Septembre-octobre 2022

 

 

Claudine Bertrand : Au milieu de la pénombre

 

(Éditions Hexagone, avril 2022)

 

Une re-lecture par Dana Shishmanian

 

 

(*)

 

 

Une « vision de l’intérieur des choses »…

 

On plonge dans ce recueil comme « au milieu de la pénombre » d’une vaste maison inconnue : on n’y voit pas très clair, on tâtonne dans les couloirs, on se cogne à des meubles qui ne ressemblent à rien de familier, on tente d’imaginer le plan des lieux – alors qu’on entend juste une voix off de temps à autre qui semble nous donner des indices… des bribes d’infos pour la visite… des réflexions énigmatiques et paradoxales qui nous interpellent (« De quelle image s’agite l’ici », ou : « L’irrationnel est au bout/ des voix du désir », ou encore : « Plus on cherche/ moins on trouve »…).

Petit à petit, en revenant sur nos pas, en parcourant le recueil dans les deux sens de lecture (je commence presque toujours avec le dernier poème, je lis à rebours, de la fin vers le commencement, et je recommence dans le bon sens ensuite), on s’aperçoit que ce livre nous parle de l’écriture, comme bien des livres de poésie d’ailleurs. Le « je » du poète se fait pourtant, la plupart du temps, extrêmement discret, jusqu’à la disparition, comme celle d’un mince filon d’eau dans une terre sablonneuse qui fait pousser de rares plantes du désert ; alors, l’écriture parle toute seule, sans sujet porteur, mais aussi et surtout sans objet apparent… Elle s’agence elle-même comme si elle se rassemblait à partir de pensées et paroles éparses, flottant dans l’air du temps, pour constituer un texte encore non écrit par quelqu’un mais déjà appréhendé par tous – une sorte de prophétie de la fin des temps qui se lirait à l’horizon ?...

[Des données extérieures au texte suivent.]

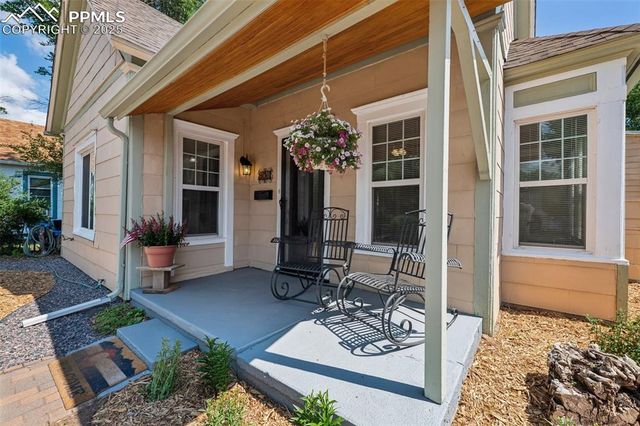 906 W Cucharras Street, Colorado Springs, CO 80905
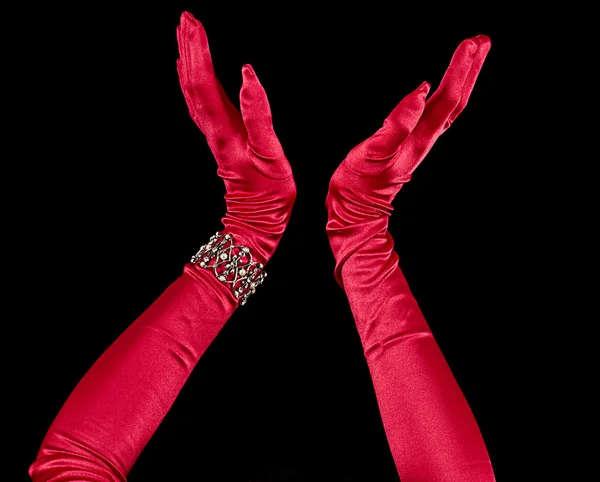 Руки хлопают в красные перчатки — стоковое фото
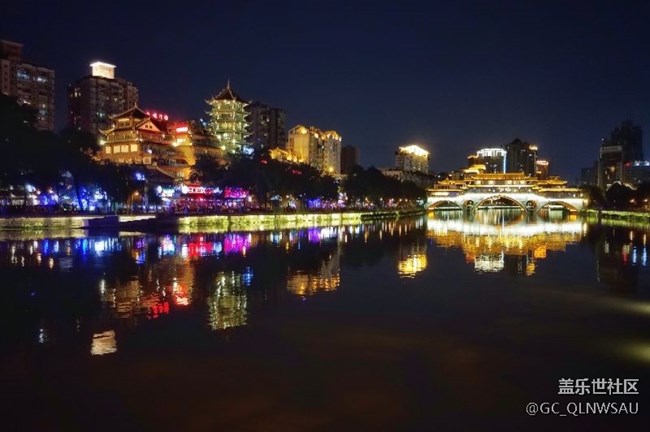 更新了8.0，相機果然廢了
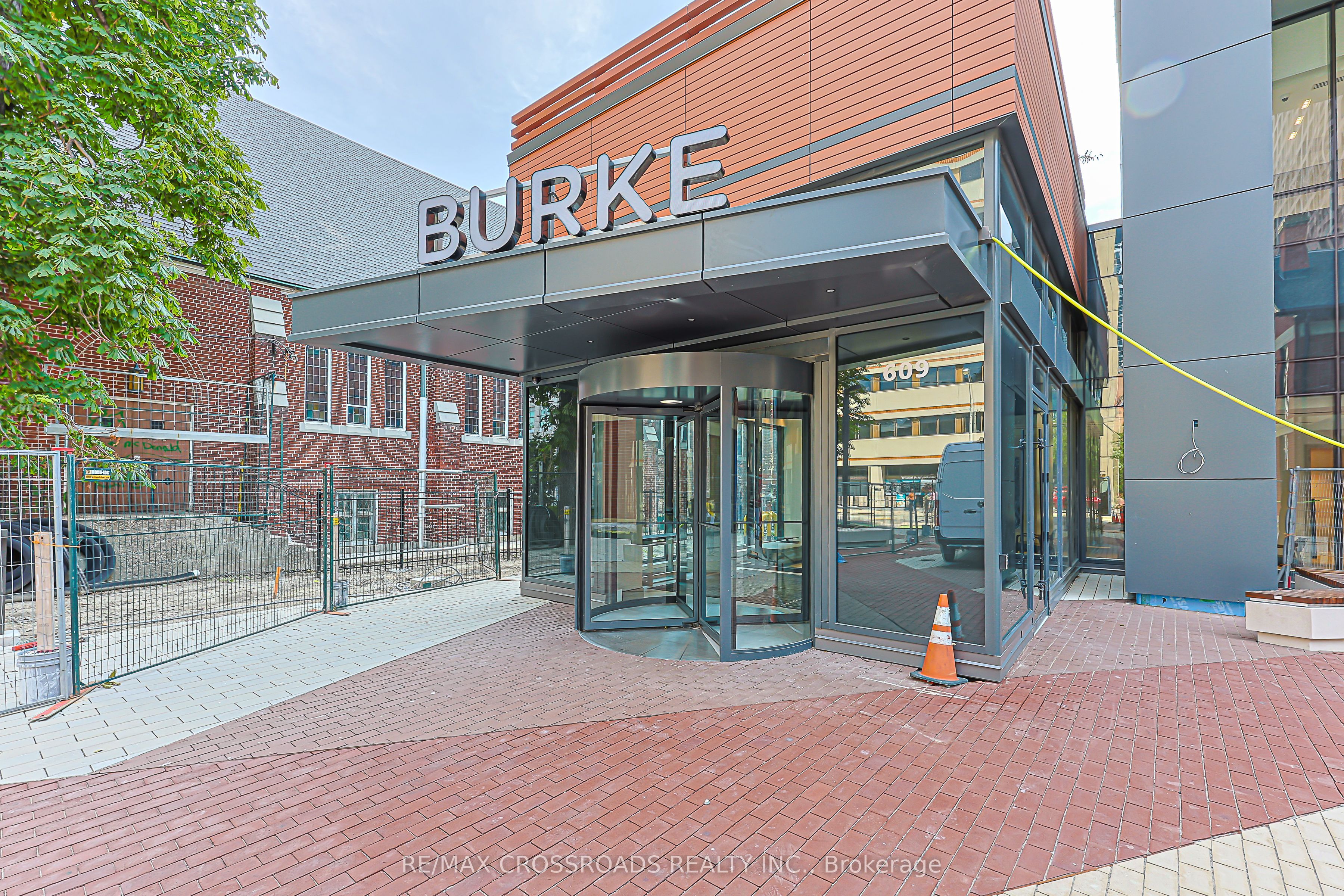 609 Sherbourne Street 2801, Toronto, ON M4X 0A4 photo 2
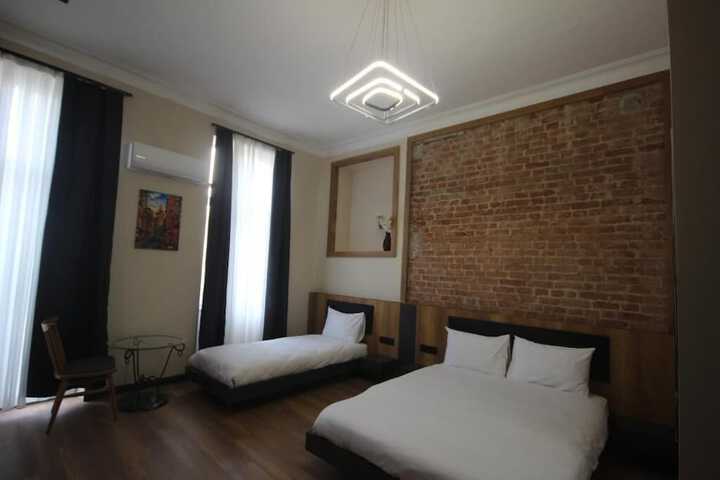 Room 57 of 204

Tout d’un coup tout devient clair, et on lit cette fois sans ambages le premier poème, comme une ouverture de la fin :

À l’aube des mirages

colliger mot à mot

la fable du futur

sa fin appréhendée

sur toutes les lèvres

 

Ce qui n’est pas encore

la ligne d’horizon

en donne le visage

le dévoile   (p. 11)

On commence dès lors à guetter dans les pages du recueil – projections d’un espace virtuel où se passe en réalité l’écriture, telle une expérience extraordinaire – « des lettres friables » qui « virent et voltent/ vont viennent/ émergent et sombrent »… On prête volens nolens l’oreille à « une voix de braise » qui « s’approche », mais dont la proximité, telle d’une onde de trop forte lumière, nous aveugle – si ce n’est par effet de son obscurité sous-jacente : « Frôler sa lumière/ la rend à son opacité/ naissante »…  (p. 12).

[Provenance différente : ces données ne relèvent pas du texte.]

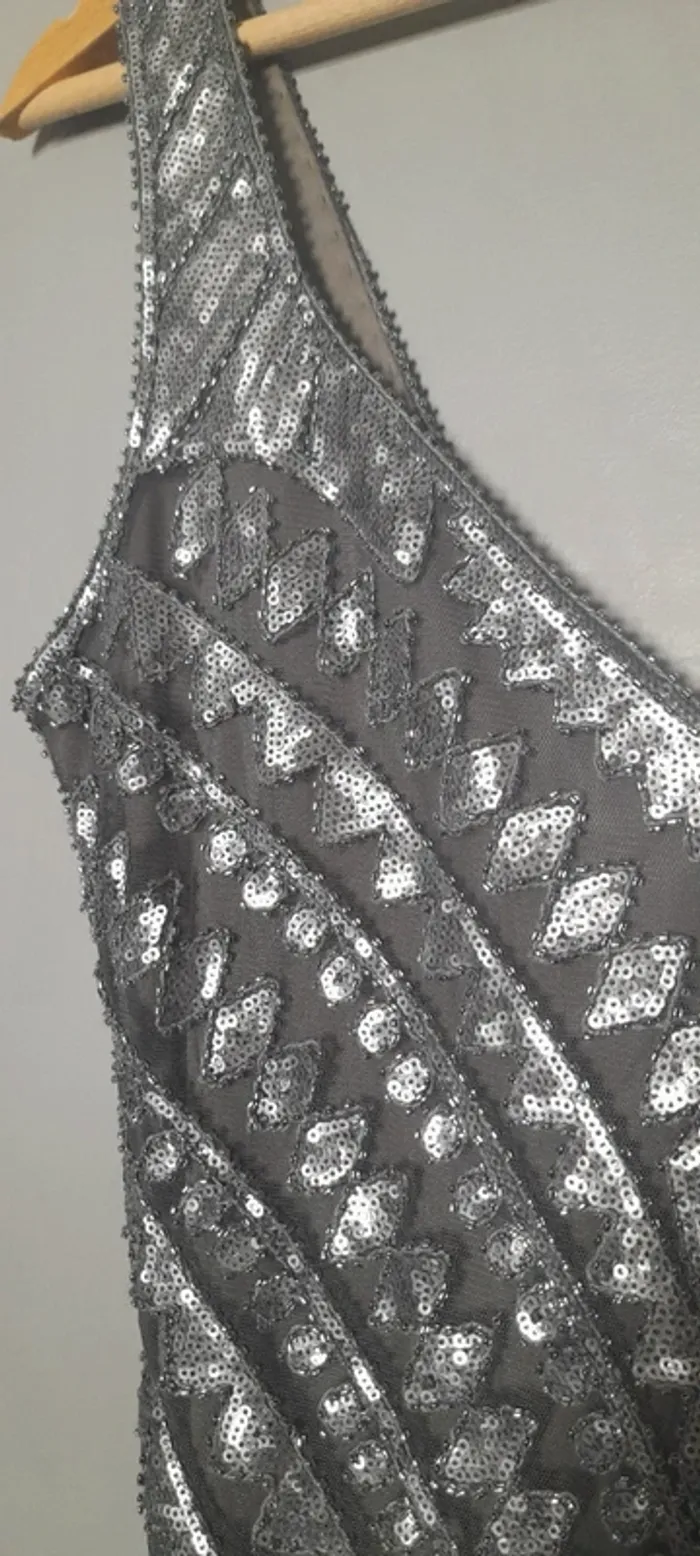 Robe chic en sequins - photo numéro 4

Comme dans une cosmogonie musicale, où « certaines voyelles » sont « tels des phares », un autre univers, inconnu et peut-être merveilleux, s’« invente des paysages éphémères », avec – on ne sait pas encore et on ne le saura peut-être jamais – la possibilité d’une « île aux énigmes » porteuse d’ « un bonheur insaisissable/ à savourer »… (p. 13)

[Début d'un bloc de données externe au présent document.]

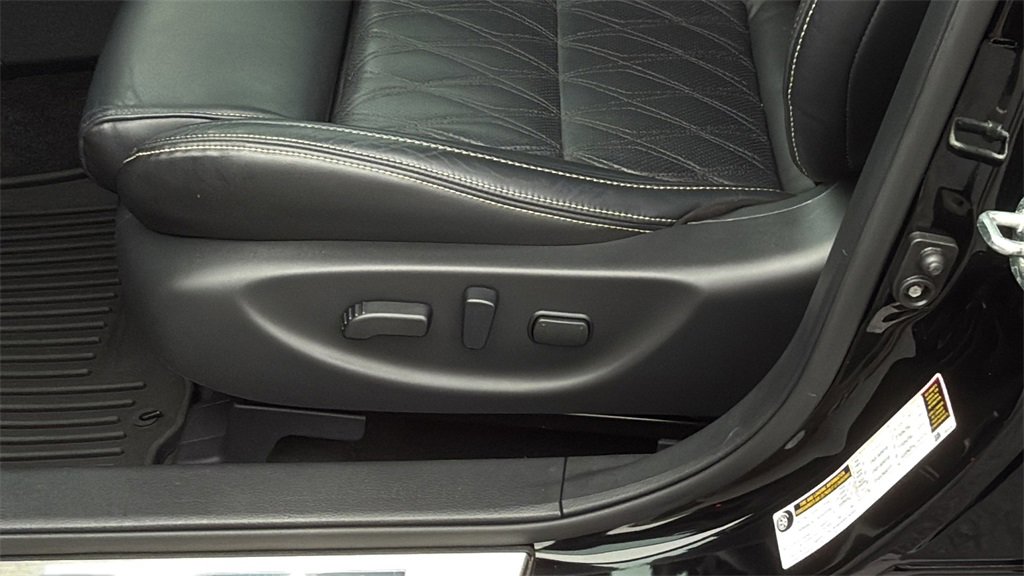 2023 Nissan Maxima Platinum photo 11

Une fois entré dans le jeu, on lit avec de plus en plus d’aisance ses parcours et détours, en découvrant chacun de ses recoins avec la joie qu’on aurait de retrouver des souvenirs d’enfance dans une maison oubliée… Rien ne nous semble plus étranger, tout en se présentant à nous comme neuf, complètement inédit – mais non inaccessible, au contraire, préhensible et compréhensible, telle une musique qui vous revient « dans la chambre de mémoire/ sans craindre panique », pour engendrer un nouvel ordre dans le désordre de nos âmes perdues…

Qui peut

autour de l’axe

malgré le chaos

engendrer un rituel    (p. 14)

Le « je-poète » arrive alors à se faire entendre, juste pour se réclamer de cette proximité axiale de toute sa vie, « autour/ d’une petite voix/ tenue secrète », et voilà qu’émerge du coup, une parfaite définition de ce qu’est que de vivre en poésie :

Traverser jusqu’ici

la pénombre

nier l’amnésie   (p. 15)

Le titre du recueil s’illumine aussi, s’agissant d’une traversée de la pénombre, d’une anamnèse donc, qui surgit juste au milieu… pour « enfanter/ d’un langage/ non nommé » (ibid.)

Page par page, le recueil de Claudine Bertrand nous dévoile ainsi, comme en défoliant les pétales d’une rose magique, les exquises aventures de l’expérience poétique, où « chaque instant/ vient troubler/ la coupe du temps » (p. 20), et où « happé par les nébuleuses/ le voyeur s’évanouit/ en son jouissement… » (p. 22).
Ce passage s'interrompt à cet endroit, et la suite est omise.